Employer implemented cap unilaterally
Two months after bargaining concluded, CPKC sent a July 31, 2018 letter to the union stating that negotiations had produced a “verbal understanding” to implement the cap for employees hired after July 20, 2018.
The letter said the cap was “unintentionally omitted and missed in error by the parties prior to signing the document” and advised that CPKC had “placed into effect” the restriction.
The union did not respond to the letter. Benefits documentation provided to employees in December 2018 contained no reference to any cap.
In July 2019, when CPKC switched benefit carriers from Manulife to Sun Life, the company sent a transition letter emphasizing it would be “maintaining the benefit coverage conferred by the Collective Agreement.” That letter also made no mention of the cap.

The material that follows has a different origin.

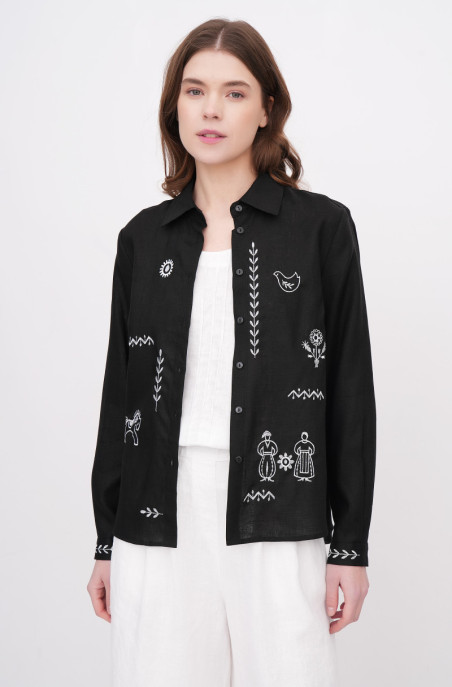 блуза Морошка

The dispute surfaced publicly in November 2019 when CPKC provided draft benefit booklets that included the cap for newer employees. Union representatives immediately objected.
“There is no error or omission in said regards. There was no need for discussion as the item no longer existed,” the union wrote in a December 2019 email.
Grievances filed after benefit books issued
The union filed grievances in January 2020 after CPKC issued separate group benefits booklets for employees hired before and after July 20, 2018.
CPKC argued the grievances were untimely because they came more than 17 months after the July 31, 2018 letter. The arbitrator rejected that position, finding the union had no reason to grieve until actual benefit documentation showed the cap would apply.
Clarke found both parties held “genuinely held but diametrically opposed understandings” of their cap discussions during the 2018 negotiations.
The arbitrator placed weight on contemporaneous notes from bargaining committee members. One union member’s notes stated “write up soft cap deep in file,” which the witness explained meant the employer would provide a letter about the soft cap that would not be part of the collective agreement.
Another union witness testified the notes meant “nothing is decided until they have something in writing.”
CPKC’s negotiator acknowledged his notes were not comprehensive and confirmed no other company representatives took notes during negotiations.
Written agreement required for benefit changes
Clarke emphasized that the parties had signed a joint letter stating “any errors or omissions are unintentional, and will be corrected by mutual agreement between the parties.”
“They never addressed the Cap within that mutually agreed process,” the arbitrator wrote.
The decision applied the legal principle that absent a formal written amendment, arbitrators require “positive statements of acceptance by both parties” before finding an oral agreement changed a collective agreement.
Clarke found the evidence fell short of that standard, noting the July 31, 2018 letter made no mention of the soft cap concept that CPKC’s negotiator said was part of the deal.
“The arbitrator cannot conclude that the TCRC agreed orally to the Cap,” the decision stated, adding that the cap issue “must be addressed in future negotiations.”
The ruling leaves CPKC unable to enforce different drug benefit limits for employees hired after July 2018.